Pipeline Configuration

  1. Execution schedule: Run once daily at 6 AM Eastern Time.

  2. Data load strategy: Fetch all records from the BusinessUnits API in every run and replace the existing records. This is a FULL REFRESH data load, and is followed when loading small and slowly changing tables.

  3. Data schema management: Automatically include any new fields added to the API.

  4. Data storage:

    • Azure Blob - In the Azure blob, create a Business Units folder, and inside it create a folder for each day's pipeline run.

    • Azure SQL - Create a 'servicetitan' schema, and inside it create a table called 'business_units' to receive data from the Azure Blob.

Pipeline Creation

  1. In the Integrations Tab, click on 'Select Data' in the ServiceTitan to ReportingDB integration.

  1. Click on '+ Add New Dataset'.

  1. Creating the data pipeline is a three-step process.

    1. API Details: Specify the API from which data is to be fetched.

      • Connection/Pipeline Name - Name the dataset, e.g., BusinessUnits.

      • Pagination - DataStori automatically paginates over the APIs. If the API supports pagination, set it to Yes.

      • OperationId - Select the API from which to fetch the data. In this example, it is BusinessUnits_GetList.

      • Variables - These are dynamic inputs to the APIs. For example, date parameters or dynamic strings to define the folder format. Create a variable called 'folder_format' and provide the value (datetime.datetime.now().date() - datetime.timedelta(days=1)).strftime('%Y-%m-%d') to create a date-wise folder in the blob.

      Variables are python datetime functions that support a variety of input and output formats.

      • API Parameters - API parameters are rendered based on the selected API. Populate the ST-App-Key and TenantID. You get these values on setting up API authentication. Leave the rest of the fields blank, except for required / mandatory variables.

    2. Schedule and Data Load Strategy: Define the pipeline run schedule, and how data is to be written to the Azure Blob and SQL table.

      • Select 6 AM Eastern Time or create a new schedule in Settings > Schedules.
      • Set the Dedupe Strategy to FULL REFRESH.
      • Dedupe Keys Json Paths - Leave it blank or select one the ID fields. Refer to Dedupe and Sort Key documentation
      • Sort Keys Json Paths - Leave it blank or select one of the fields. Refer to Dedupe and Sort Key documentation

    3. Destination Details: Specify the Azure Blob and Azure SQL locations where data is to be written.

      {{folder_format}} refers to the variable we created in the API Details section. A new folder is created for each day's execution using the variable {{folder_format}} and data is written to it.
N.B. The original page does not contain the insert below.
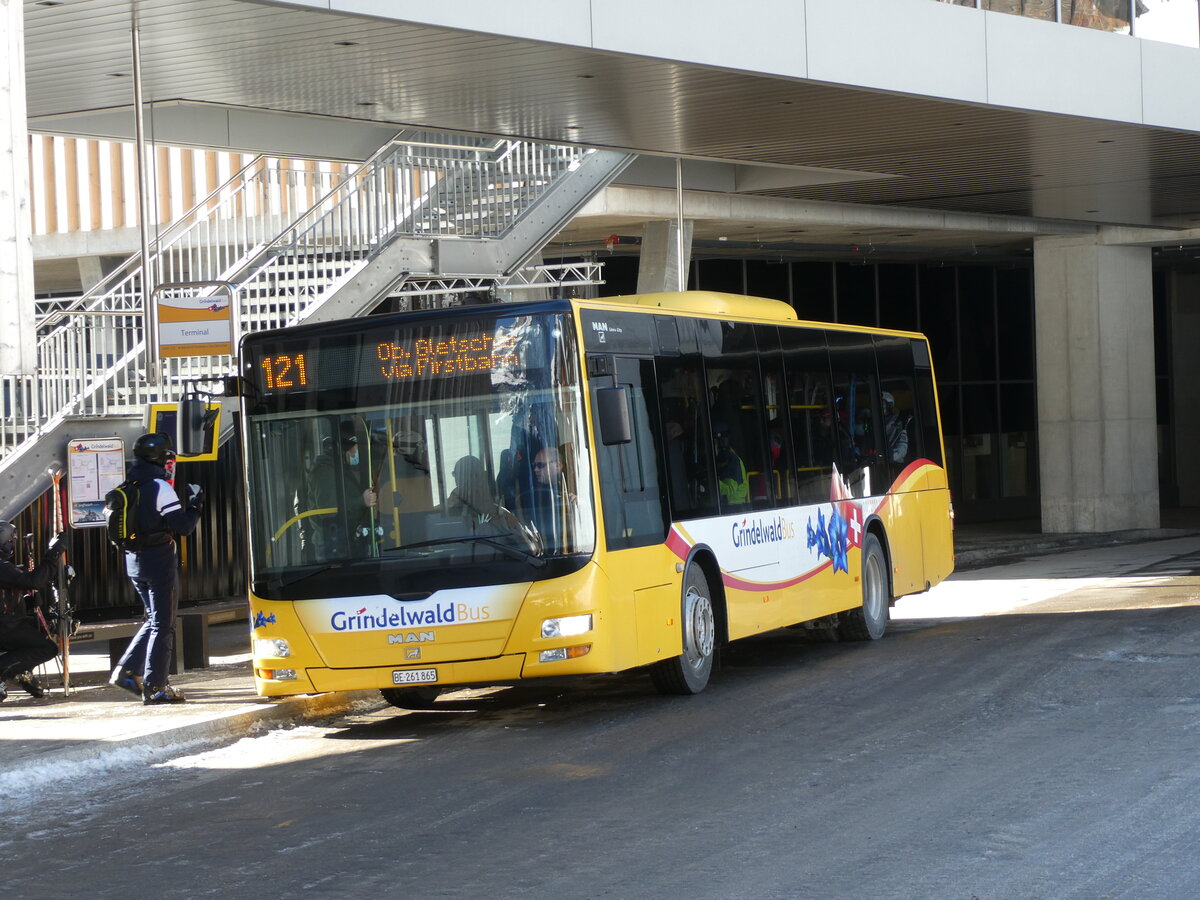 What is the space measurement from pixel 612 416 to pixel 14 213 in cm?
425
      • Final deduped data is available in the 'final' folder.
      • Schema changes are tracked under the 'schema' folder.

      Sample output in the Azure Blob is as follows:

  2. Save the form and exit the page.

With the above setup, the BusinessUnits pipeline will run on schedule at 6 AM Eastern Time. To run it on demand, go to Integrations > Select Data (for the BusinessUnits pipeline) and click on the Play button under Datasets.

Pipeline Execution

The pipeline executes in the customer's cloud environment. This can be audited from the Azure Container Instances logs.

Pipeline execution status is shown in the dashboard and any failure notifications are sent to the email IDs specified in Settings > Notifications.